This topic has come up a few times recently for me, being the beginning of a new semester and all. When a instructor asks students to meet a certain word requirement, in my opinion it will most likely ruin the results. For instance, I just completed about 1,000 words pertaining to a proposal for a final project. In case that seems odd, I will repeat that, I wrote a 1,000 words describing a paper they want to reach 2,500 to 3,000 words. I wrote a description of what I wanted to complete my final on, and looked down at the good old Microsoft Word word counter and saw a whopping 260 some odd words! Hmmm... what the hell to do? Well you read through it and then try to rewrite some things and extend some bit. Couple hours of creative writing later I'm at about 400 words and at my wits end on how to add more without writing the paper, after all this is just the proposal.
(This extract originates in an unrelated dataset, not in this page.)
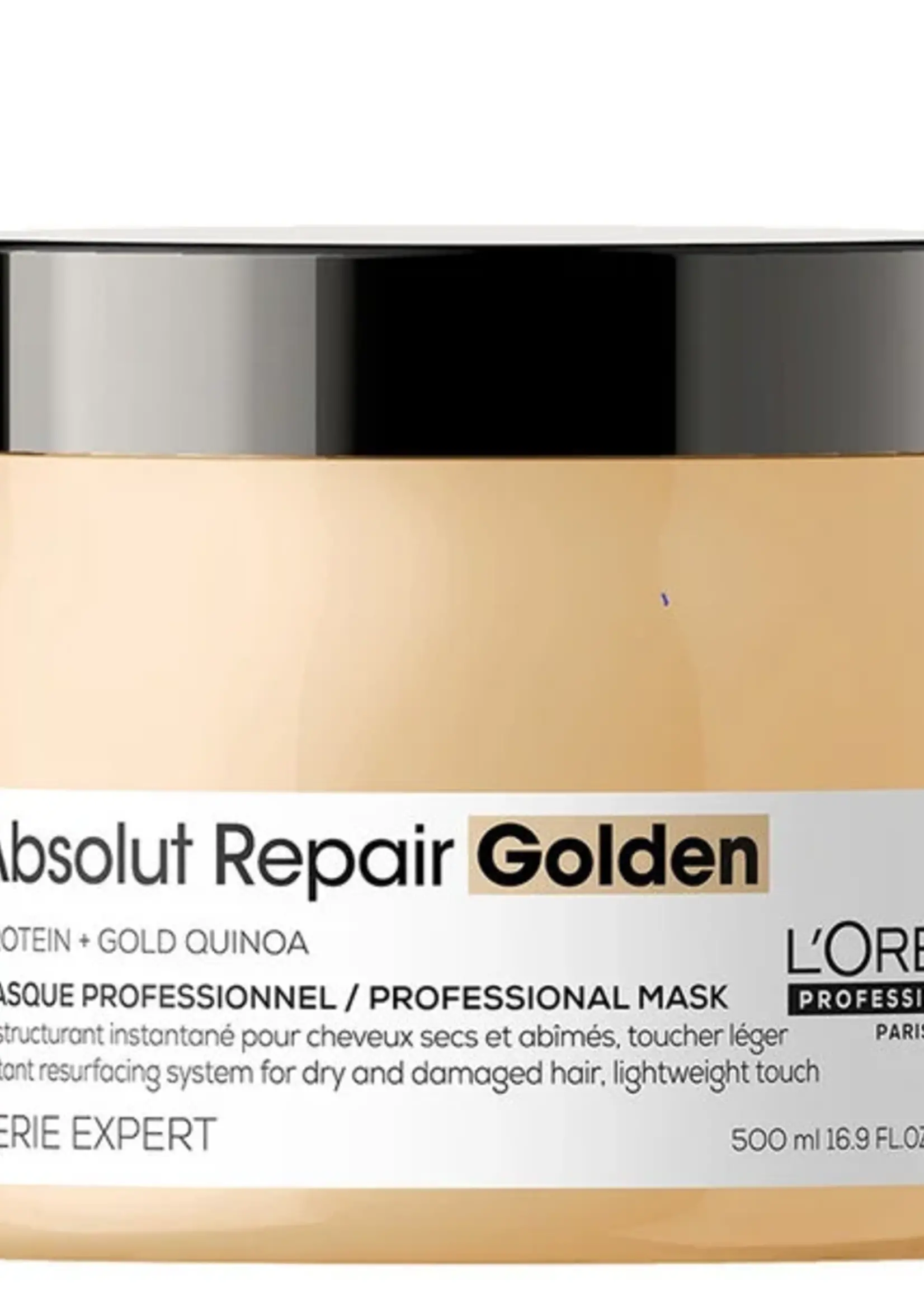 L'Oreal Professionnel L'Oreal SE Absolut Repair Gold Quinoa Golden Masker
I absolutely hate this feeling, like you've written enough to get your point across with sufficient background, examples, and sources; however, because that all important A requires you to add so many words, you have to become redundant. Now here come the arguments, well if you're so far behind the requirements you can't possibly have enough information. To that I say this, 'not true'. When discussing the college paper you have to realize we're simply talking about a 1,000 words equaling anything from 3-8 pages, depending. Why do I need to add so much content when I can concisely express the same message with better clarity in less? This is not a book, and I'm not writing anything on an expert level, yet.
So to get that A, what does one do in order to meet these ridiculous minimum word requirements? You start repeating yourself, try to restate important points. Basically, create this fluff that you don't really need and do not re-enforce anything in my brain other than my fleeting confidence that my paper is still poignant and written with quality. I understand that minimums are in place to prevent lazy people from writing 300 words on what should really be 1,500 words, so a stupid requirement is passed along to those who try and can write with proficiency.
Solution? Don't enforce a damn minimum, switch to a recommendation. Read the paper and assess quality. Why should grades be reduced purely based on a number?